[Data entries]
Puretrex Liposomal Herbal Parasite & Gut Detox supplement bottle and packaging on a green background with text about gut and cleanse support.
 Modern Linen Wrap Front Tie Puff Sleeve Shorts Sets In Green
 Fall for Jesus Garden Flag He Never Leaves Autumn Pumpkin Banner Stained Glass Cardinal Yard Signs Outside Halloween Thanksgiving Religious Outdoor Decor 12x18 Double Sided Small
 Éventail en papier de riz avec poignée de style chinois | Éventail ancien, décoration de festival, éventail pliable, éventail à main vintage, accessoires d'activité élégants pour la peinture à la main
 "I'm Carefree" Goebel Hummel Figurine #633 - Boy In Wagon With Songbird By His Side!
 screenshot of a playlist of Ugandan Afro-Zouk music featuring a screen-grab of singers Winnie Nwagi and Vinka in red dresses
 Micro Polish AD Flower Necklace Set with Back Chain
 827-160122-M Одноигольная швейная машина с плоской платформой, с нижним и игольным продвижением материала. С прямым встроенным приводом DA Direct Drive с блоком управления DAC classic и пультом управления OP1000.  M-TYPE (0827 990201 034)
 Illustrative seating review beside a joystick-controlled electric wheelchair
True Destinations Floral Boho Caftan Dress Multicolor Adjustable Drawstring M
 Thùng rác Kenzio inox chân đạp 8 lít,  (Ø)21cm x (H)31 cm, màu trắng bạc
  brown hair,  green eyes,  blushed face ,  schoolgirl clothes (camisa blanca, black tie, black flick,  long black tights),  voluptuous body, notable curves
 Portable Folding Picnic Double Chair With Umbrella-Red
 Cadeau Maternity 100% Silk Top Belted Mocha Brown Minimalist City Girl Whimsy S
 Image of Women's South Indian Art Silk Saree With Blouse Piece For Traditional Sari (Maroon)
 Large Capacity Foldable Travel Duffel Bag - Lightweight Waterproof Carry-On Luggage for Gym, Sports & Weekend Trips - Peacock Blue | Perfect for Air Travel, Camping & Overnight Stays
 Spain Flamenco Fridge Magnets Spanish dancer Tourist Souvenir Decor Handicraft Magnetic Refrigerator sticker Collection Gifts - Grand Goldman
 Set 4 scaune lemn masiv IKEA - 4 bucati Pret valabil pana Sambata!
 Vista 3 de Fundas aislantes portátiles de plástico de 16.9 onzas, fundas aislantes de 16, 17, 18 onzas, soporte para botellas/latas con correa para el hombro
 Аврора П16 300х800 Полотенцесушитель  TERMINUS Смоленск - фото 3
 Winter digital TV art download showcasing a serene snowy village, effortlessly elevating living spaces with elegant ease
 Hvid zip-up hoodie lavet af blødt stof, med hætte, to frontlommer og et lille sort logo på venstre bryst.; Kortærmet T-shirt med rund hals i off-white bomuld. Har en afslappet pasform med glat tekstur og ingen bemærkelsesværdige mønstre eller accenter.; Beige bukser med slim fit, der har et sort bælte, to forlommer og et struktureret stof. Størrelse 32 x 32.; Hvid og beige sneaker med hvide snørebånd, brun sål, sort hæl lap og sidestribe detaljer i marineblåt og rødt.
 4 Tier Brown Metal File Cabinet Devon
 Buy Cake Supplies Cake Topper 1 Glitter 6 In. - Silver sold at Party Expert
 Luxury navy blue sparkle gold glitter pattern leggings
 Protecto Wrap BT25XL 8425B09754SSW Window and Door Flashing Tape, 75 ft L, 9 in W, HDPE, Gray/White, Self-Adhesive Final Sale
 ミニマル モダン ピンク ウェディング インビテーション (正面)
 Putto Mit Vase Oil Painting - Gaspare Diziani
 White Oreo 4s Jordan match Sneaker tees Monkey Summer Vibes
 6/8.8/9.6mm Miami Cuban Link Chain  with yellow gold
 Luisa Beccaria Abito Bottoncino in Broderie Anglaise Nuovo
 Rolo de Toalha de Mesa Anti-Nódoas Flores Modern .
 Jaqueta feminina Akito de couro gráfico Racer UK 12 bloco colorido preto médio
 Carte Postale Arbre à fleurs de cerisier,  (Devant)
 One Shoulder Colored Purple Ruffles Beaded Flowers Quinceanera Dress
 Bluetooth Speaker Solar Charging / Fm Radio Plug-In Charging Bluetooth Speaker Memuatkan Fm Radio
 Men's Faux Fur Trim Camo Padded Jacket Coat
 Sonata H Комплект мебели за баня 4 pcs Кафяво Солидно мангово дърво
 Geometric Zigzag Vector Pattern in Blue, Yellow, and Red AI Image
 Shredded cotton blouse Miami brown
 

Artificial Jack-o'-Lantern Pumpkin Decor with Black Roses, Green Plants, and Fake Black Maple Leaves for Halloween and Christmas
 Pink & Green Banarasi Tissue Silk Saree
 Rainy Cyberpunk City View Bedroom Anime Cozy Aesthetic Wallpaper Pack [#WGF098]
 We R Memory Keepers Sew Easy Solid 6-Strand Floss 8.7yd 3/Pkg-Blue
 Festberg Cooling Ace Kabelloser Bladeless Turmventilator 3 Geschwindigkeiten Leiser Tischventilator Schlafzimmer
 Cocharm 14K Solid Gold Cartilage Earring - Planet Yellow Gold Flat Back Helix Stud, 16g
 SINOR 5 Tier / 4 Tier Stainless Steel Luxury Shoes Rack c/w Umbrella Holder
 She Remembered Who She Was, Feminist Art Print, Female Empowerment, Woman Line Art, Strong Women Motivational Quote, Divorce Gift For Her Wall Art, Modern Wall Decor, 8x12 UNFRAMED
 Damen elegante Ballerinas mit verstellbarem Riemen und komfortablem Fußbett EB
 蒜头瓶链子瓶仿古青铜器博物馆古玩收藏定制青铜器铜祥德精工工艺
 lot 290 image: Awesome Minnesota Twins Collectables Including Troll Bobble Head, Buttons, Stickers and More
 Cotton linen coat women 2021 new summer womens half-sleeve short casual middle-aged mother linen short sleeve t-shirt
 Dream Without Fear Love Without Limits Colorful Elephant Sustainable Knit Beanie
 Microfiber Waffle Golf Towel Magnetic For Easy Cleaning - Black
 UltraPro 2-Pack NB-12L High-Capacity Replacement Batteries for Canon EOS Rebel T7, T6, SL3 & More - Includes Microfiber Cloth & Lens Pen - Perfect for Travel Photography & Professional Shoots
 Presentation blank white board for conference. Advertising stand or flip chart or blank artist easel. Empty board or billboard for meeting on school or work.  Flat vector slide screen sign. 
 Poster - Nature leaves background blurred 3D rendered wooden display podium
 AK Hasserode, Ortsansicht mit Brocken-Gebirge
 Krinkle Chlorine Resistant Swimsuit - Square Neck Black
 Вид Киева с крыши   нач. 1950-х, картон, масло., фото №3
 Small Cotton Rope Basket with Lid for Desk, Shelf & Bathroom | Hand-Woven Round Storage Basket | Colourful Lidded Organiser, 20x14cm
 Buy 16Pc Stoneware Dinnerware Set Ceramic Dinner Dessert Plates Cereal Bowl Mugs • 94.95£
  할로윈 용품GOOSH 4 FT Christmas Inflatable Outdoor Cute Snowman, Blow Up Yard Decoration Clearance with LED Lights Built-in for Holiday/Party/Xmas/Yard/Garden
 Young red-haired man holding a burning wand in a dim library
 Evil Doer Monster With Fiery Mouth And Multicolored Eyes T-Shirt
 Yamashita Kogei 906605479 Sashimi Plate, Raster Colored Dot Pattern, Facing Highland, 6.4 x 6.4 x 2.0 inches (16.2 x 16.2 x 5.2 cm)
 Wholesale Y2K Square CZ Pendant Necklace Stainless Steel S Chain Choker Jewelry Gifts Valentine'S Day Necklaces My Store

__Exercise details__. From the entries above, print the lines beginning at the one with "Luxury navy blue" and stopping after the one with "Carte Postale Arbre", exactly as written and with nothing else.

__Exercise response__.
 Luxury navy blue sparkle gold glitter pattern leggings
 Protecto Wrap BT25XL 8425B09754SSW Window and Door Flashing Tape, 75 ft L, 9 in W, HDPE, Gray/White, Self-Adhesive Final Sale
 ミニマル モダン ピンク ウェディング インビテーション (正面)
 Putto Mit Vase Oil Painting - Gaspare Diziani
 White Oreo 4s Jordan match Sneaker tees Monkey Summer Vibes
 6/8.8/9.6mm Miami Cuban Link Chain  with yellow gold
 Luisa Beccaria Abito Bottoncino in Broderie Anglaise Nuovo
 Rolo de Toalha de Mesa Anti-Nódoas Flores Modern .
 Jaqueta feminina Akito de couro gráfico Racer UK 12 bloco colorido preto médio
 Carte Postale Arbre à fleurs de cerisier,  (Devant)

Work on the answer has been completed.